MMA and UFC News

Australian Press Not Pleased With Bloody Battles At UFC 110 In Sydney

The Australian press was not too happy with the bloody and gruesome wars that went on at this past Saturday’s UFC 110 event.  The back to back TKO doctor stoppages  resulted into a pool of blood on Australia’s ONE’s tv channel that features nonstop sport content including live sport and sports documentaries.

Anthony Perosh squirted so much blood after a devastating elbow shot from Mirko Cro Cop.  They were allowed to continue fighting despite the large cut above Perosh’s right eye, but it was eventually stopped for a second and final time immediately after the second round.

The  Stephan Bonnar vs. Krzysztof Soszynski was fairly close throughout the first two rounds of the fight with Soszynski landing slightly more strikes.  However, one can never underestimate Bonnar’s huge heart every single time he’s in the cage.

We read a highly criticized article on The Sydney Morning Herald where they state how “the fastest growing sport” of mixed martial arts was not impressive as they thought it would be.

Here’s the article:

‘Smell the blood!’ The sickening roar for gore:

AFTERNOON at the Acer Arena. The shaft of light from the heavens cleaves the darkness and reveals the sole focus of everyone’s rapt attention. In an octagonal, caged enclosure, two men are hitting each other in the face, kicking each other in the head and furiously kneeing each other in the stomach.

Every blow, and its gory results, is blown up large on six enormous screens around the stadium as the sold-out 17,000-strong crowd, which includes James Packer sitting in a front-row seat, roars for more gore.

And more gore they get.
Now, one fighter, Stephan “the American Psycho” Bonnar, has started to bleed badly from a cut beneath his right eye, delighting his opponent’s trainer.

“Smell the blood, baby!” he screams at his man, Krzysztof “the Polish Experiment” Soszynski. “Smell the blood!”

Within seconds Soszynski doesn’t have to sniff too hard because, after a clash of heads, the blood from a new gash high on Bonnar’s forehead is so deep that his red essence is gushing out of him and soon both fighters are covered in it from top to toe. This appears to interest the referee mildly, but no more than that. Still they go at it, and when Bonnar briefly goes down, the ref has to jump out of the way so that Soszynski can properly get at him, and bash him some more.

Welcome to something called the Ultimate Fighting Championship which, as well as claiming to be the world’s fastest-growing sport, made its debut in Australia yesterday on a schedule suited to the American pay-per-view prime-time Saturday night audience.

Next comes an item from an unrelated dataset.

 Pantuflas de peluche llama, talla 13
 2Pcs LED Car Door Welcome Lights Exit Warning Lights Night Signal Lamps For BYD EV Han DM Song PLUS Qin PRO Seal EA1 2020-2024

A cross between Fight Club, rock’n’roll, a vicious bar-room brawl and the fall of Saigon, the idea is that this is “multi-discipline fighting” – across three five-minute rounds – incorporating everything from boxing to wrestling, kick-boxing to karate, judo to jujitsu to just about anything else you can think of, including choke holds, and …

But now the blood pouring out of Bonnar’s head is so copious the ring floor is slippery and even the referee thinks it’s time to call the doctor. This worthy man checks Bonnar and ruefully shakes his head. The fight must be stopped.

BOO! BOOOO! BOOOOOO! Though we in the crowd feel badly let down and roar our extreme displeasure, the fact is there really are some rules – even if they owe less to the Marquis of Queensberry and more to the Marquis de Sade. It’s not quite “anything goes”. To be sure, the organisers of this $US250 million ($278 million) a year business are proud of the fact that the championship has cleaned itself up from its really wild days in Las Vegas in the early 1990s and has gone as far as to ban biting, eye-gouging and attacks to an opponent’s groin. The fighters even have to wear light gloves, so they’re not quite bare-knuckled.

And so the afternoon goes on, with nine vicious bouts and much blood spilt. About 30 police watch as the fighters continue to bash each other to a pulp. If it were to happen 100 metres away, on the street, those same police would have to arrest them for grievous bodily harm – though they’d take the precaution of calling for back-up first.

This is as far from professional wrestling’s tightly choreographed theatrical fighting. These are deadly serious contests fought by highly skilled men. It’s not everyone’s cup of tea – and it will be the last bout I’ll attend – but it looks like we might have moved into an age when tens of thousands of people no longer want cups of tea. They want buckets of blood.